• About this exercise: Omit the pictures, then write out every entry exactly as it reads.

(Caption-style text data)
* * * * * * * * *
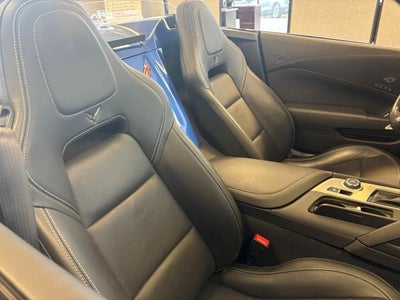 2019 Chevrolet Corvette Grand Sport Grand Sport 2LT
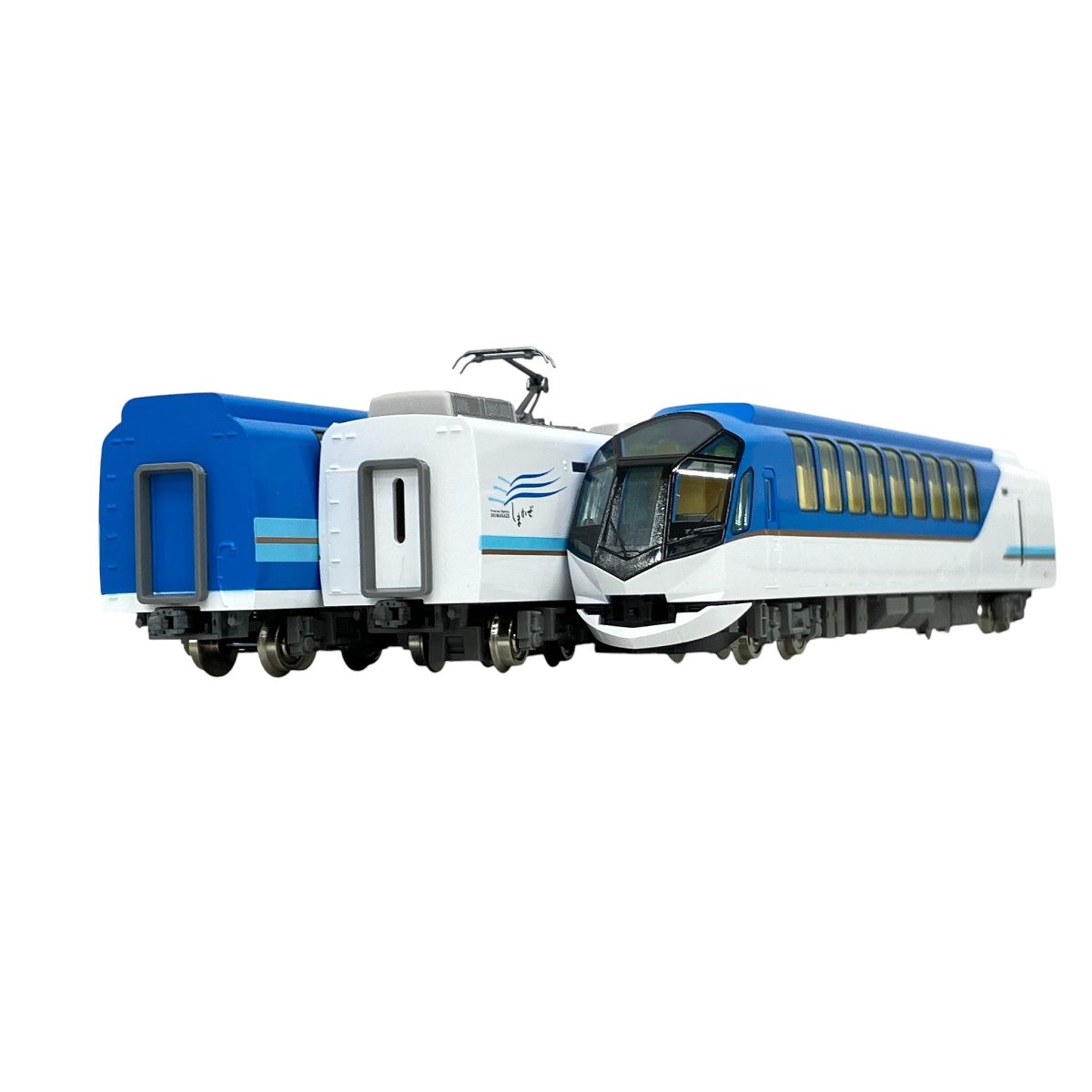 TOMIX 98934 近畿日本鉄道 50000系 しまかぜ 6両セット 限定品 Nゲージ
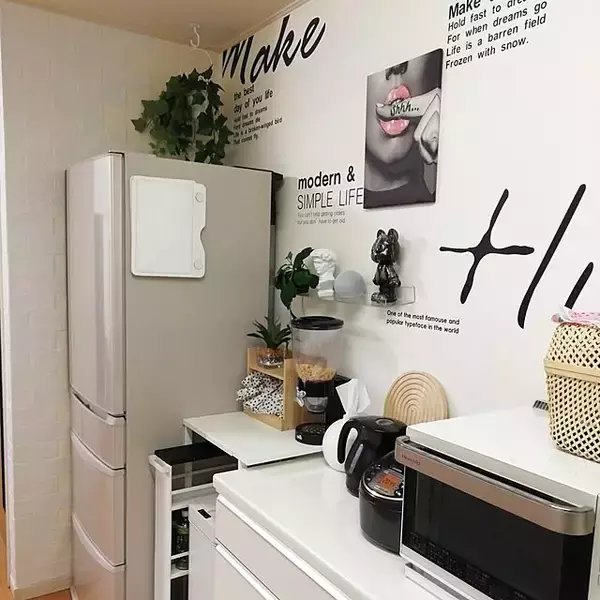 「すっきりをキープして洗練された空間づくり♪お部屋の生活感を減らす工夫10選」の画像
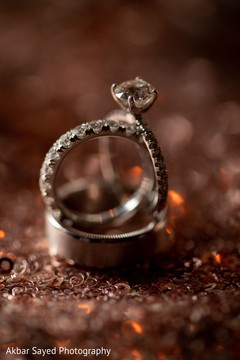 Stunning Indian wedding rings. Stunning Indian wedding rings.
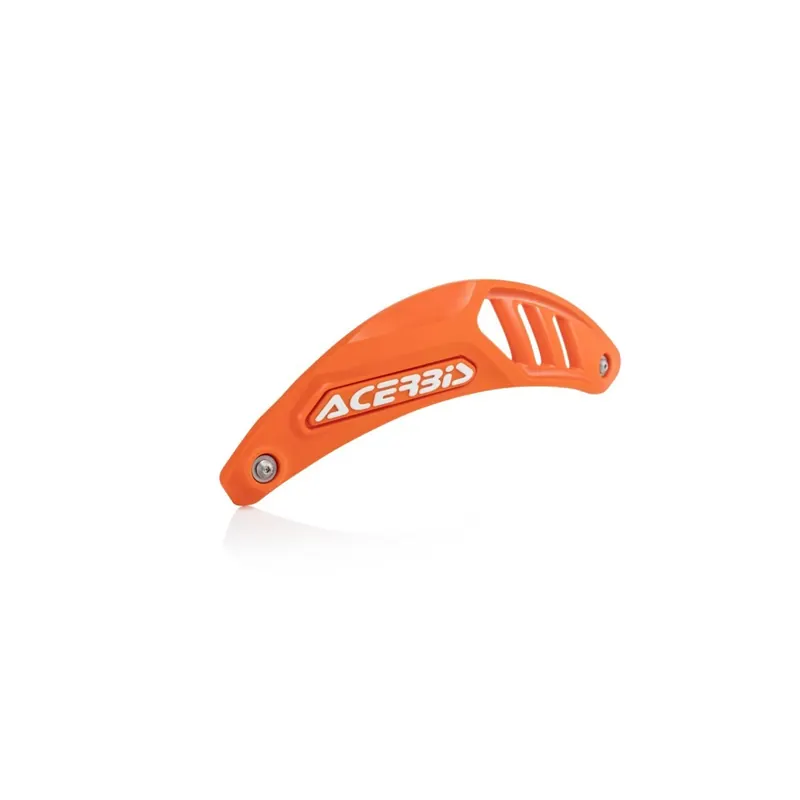 Protector de escape Acerbis X-Exhaust 0024259.011.016 naranja para colector OEM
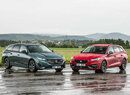 Peugeot 308 SW 1.2 PureTech vs. Seat Leon Sportstourer 1.5 TSI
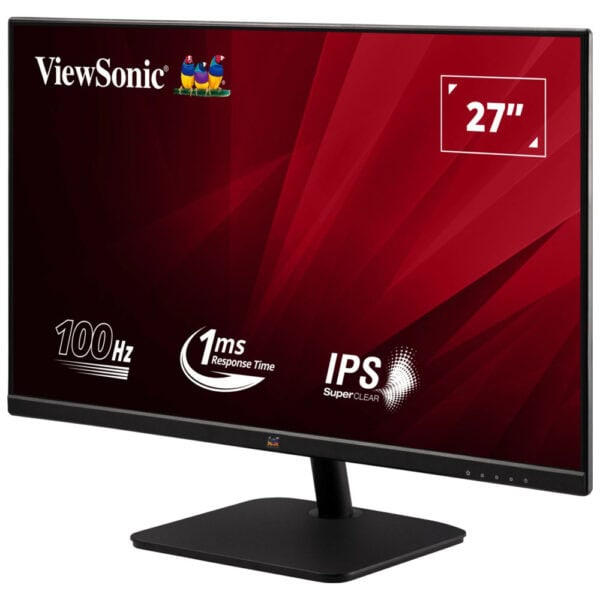 Viewsonic Va2732 H 27 Inç 100hz 1ms Full Hd Ips Monitör 4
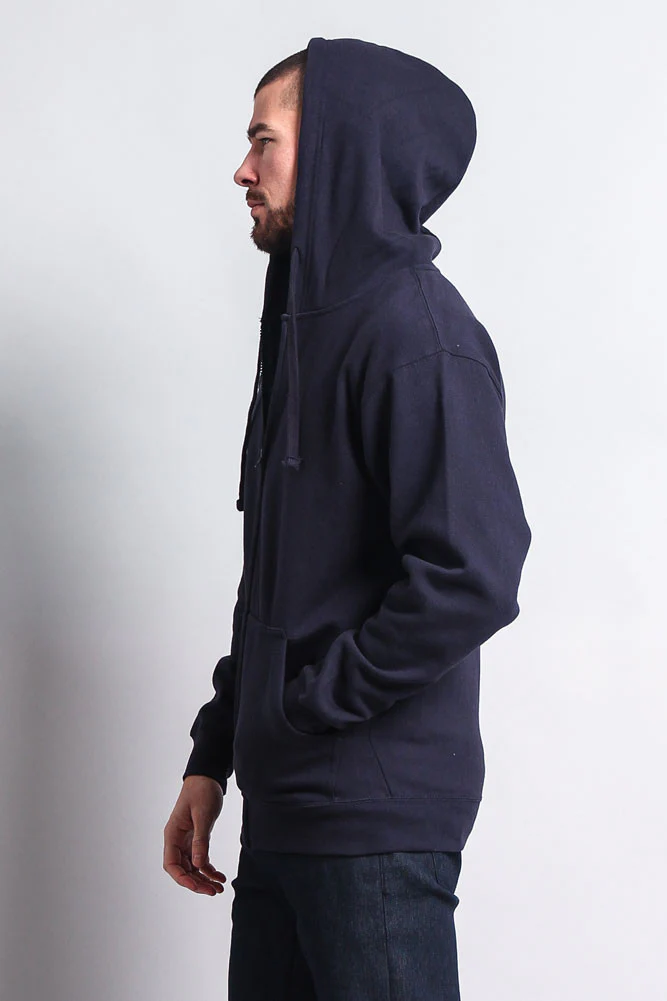 Premium Heavyweight Zip-Up Hoodie - Image 34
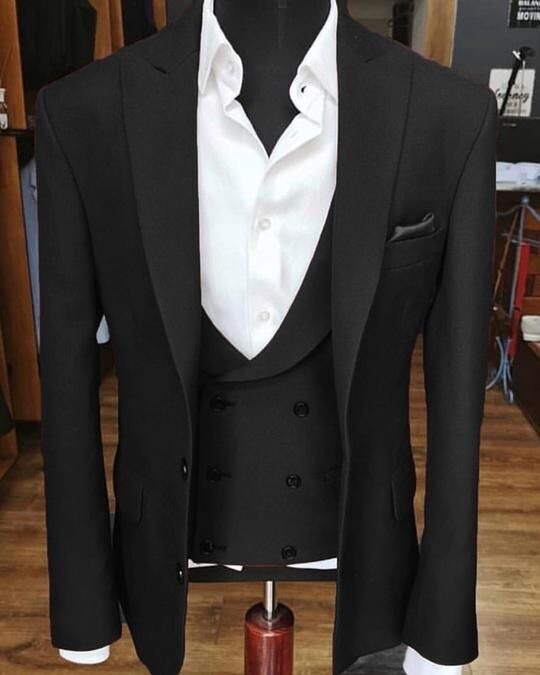 KING'S KOUTURE SUIT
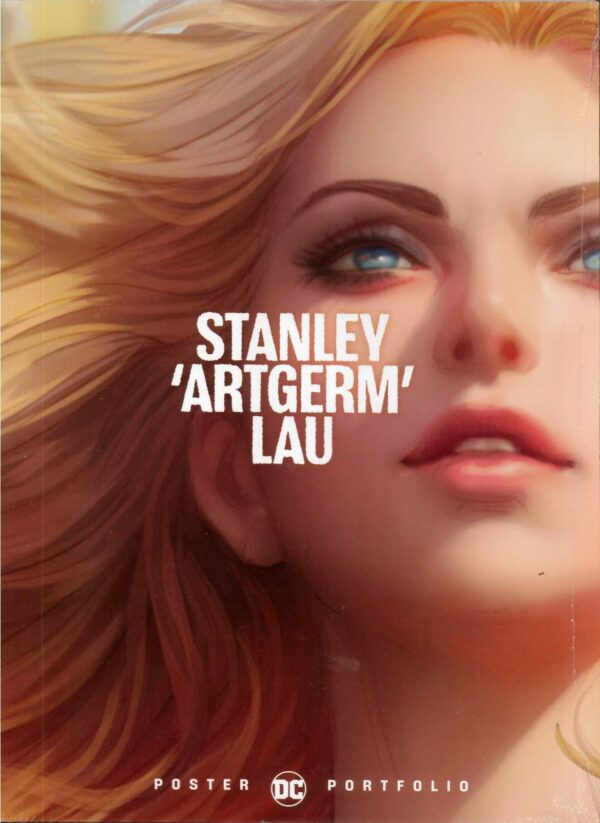 DC POSTER PORTFOLIO TP #1: Stanley (Artgerm) Lau Volume One – NM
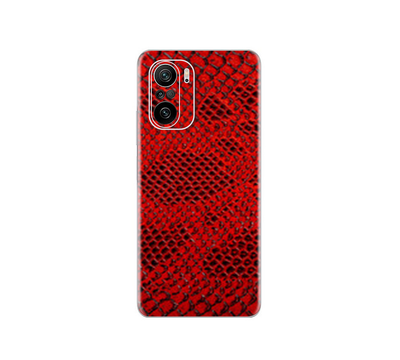 Xiaomi Redmi K40 Pro Animal Skin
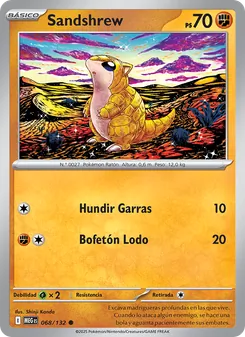 Sandshrew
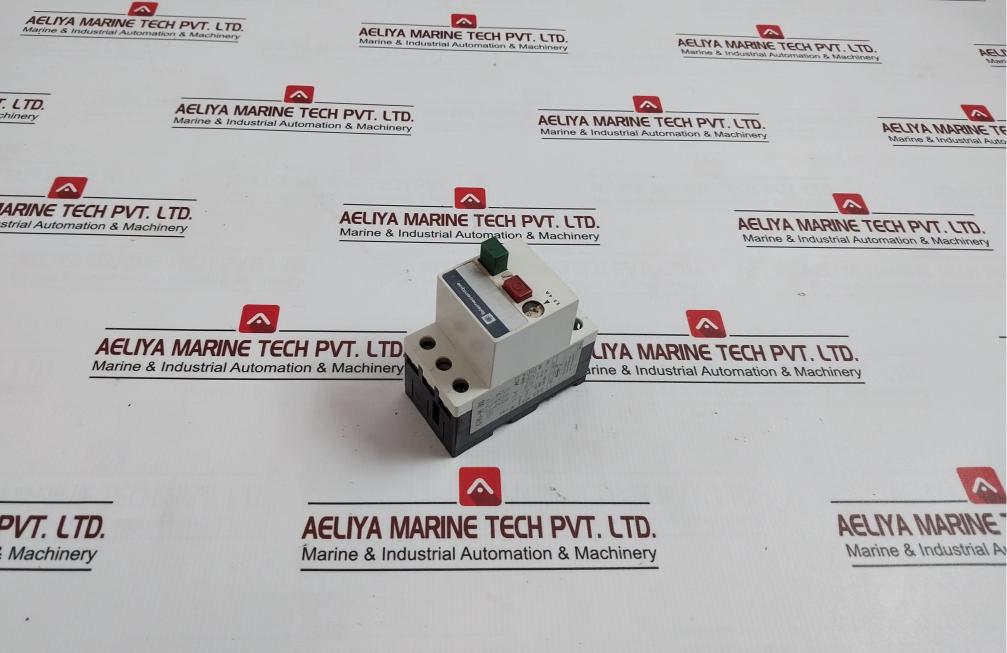 Telemecanique Gv1-m08 Motor Protector 660V 50/60Hz Vde 0660 0113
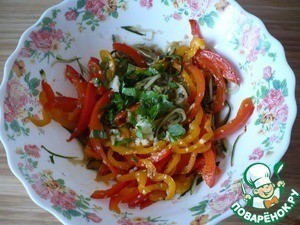 Котлеты из индейки с летним салатом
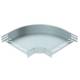 OBO Bettermann 6036566 RB 90 630 FS bend 90° for cable tray horizontal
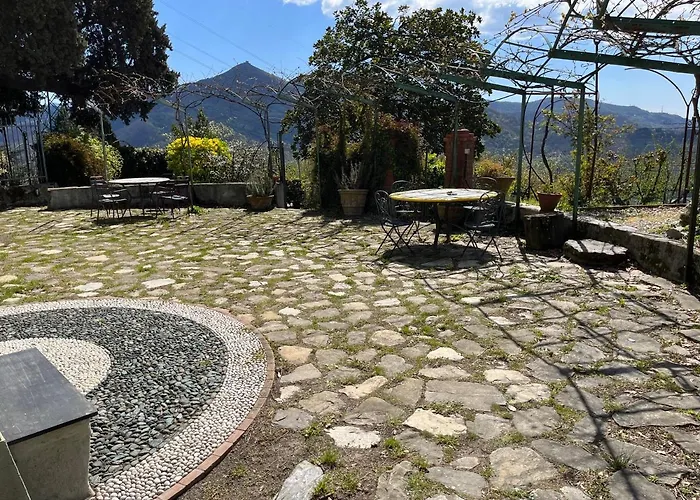 Ponzio Apartamento Génova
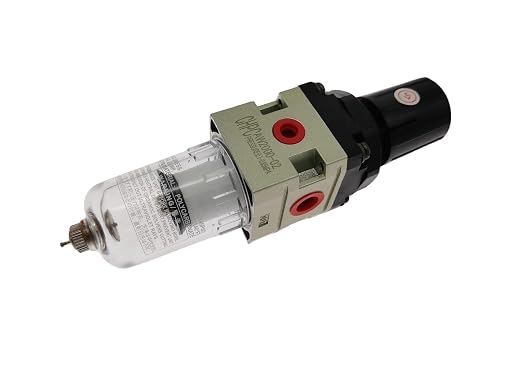 Aw2000-02 AW3000-02 AW3000-03 AW4000-04/06 AW5000-10 Air Filter Regulator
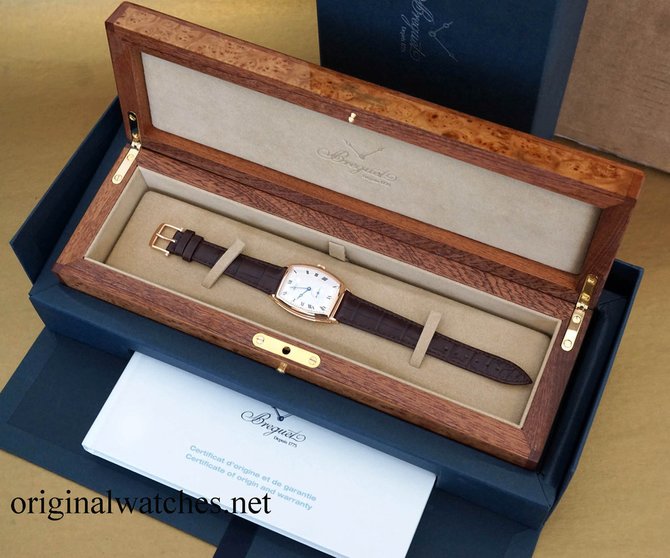 Breguet 3660br/12/984 Heritage Automatic Midsize - фото 6
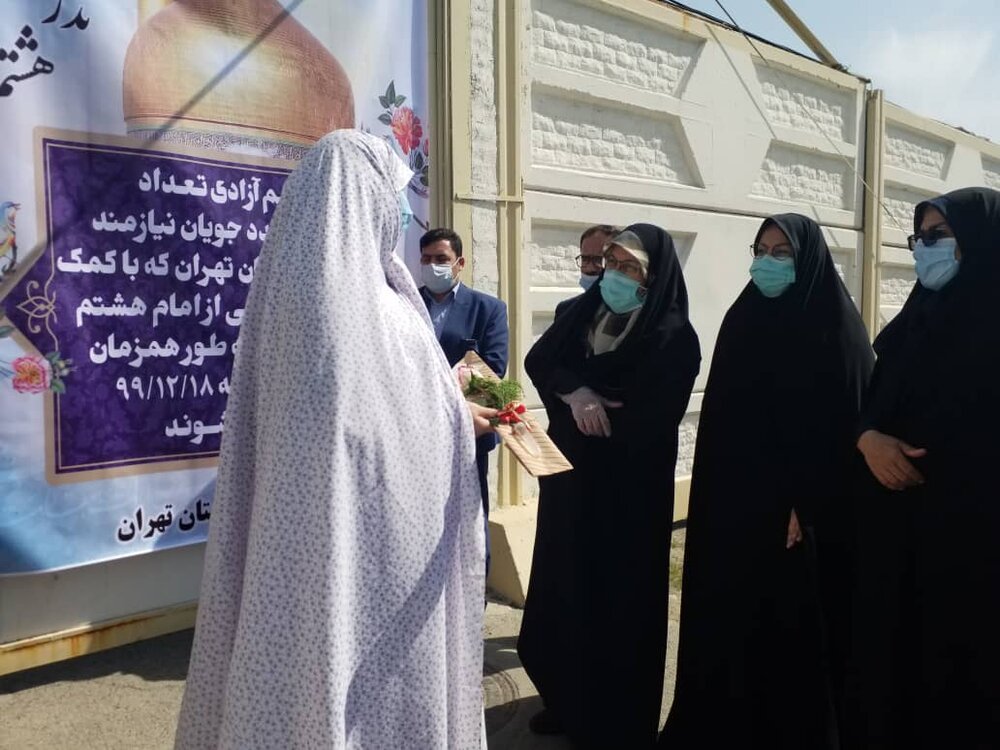 آزادسازی ۱۱۰ زندانی جرائم غیر عمد توسط جهادی‌ها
* * * * * * * * *
• Answer to this problem:
 2019 Chevrolet Corvette Grand Sport Grand Sport 2LT
 TOMIX 98934 近畿日本鉄道 50000系 しまかぜ 6両セット 限定品 Nゲージ
 「すっきりをキープして洗練された空間づくり♪お部屋の生活感を減らす工夫10選」の画像
 Stunning Indian wedding rings. Stunning Indian wedding rings.
 Protector de escape Acerbis X-Exhaust 0024259.011.016 naranja para colector OEM
 Peugeot 308 SW 1.2 PureTech vs. Seat Leon Sportstourer 1.5 TSI
 Viewsonic Va2732 H 27 Inç 100hz 1ms Full Hd Ips Monitör 4
 Premium Heavyweight Zip-Up Hoodie - Image 34
 KING'S KOUTURE SUIT
 DC POSTER PORTFOLIO TP #1: Stanley (Artgerm) Lau Volume One – NM
 Xiaomi Redmi K40 Pro Animal Skin
 Sandshrew
 Telemecanique Gv1-m08 Motor Protector 660V 50/60Hz Vde 0660 0113
 Котлеты из индейки с летним салатом
 OBO Bettermann 6036566 RB 90 630 FS bend 90° for cable tray horizontal
 Ponzio Apartamento Génova
 Aw2000-02 AW3000-02 AW3000-03 AW4000-04/06 AW5000-10 Air Filter Regulator
 Breguet 3660br/12/984 Heritage Automatic Midsize - фото 6
 آزادسازی ۱۱۰ زندانی جرائم غیر عمد توسط جهادی‌ها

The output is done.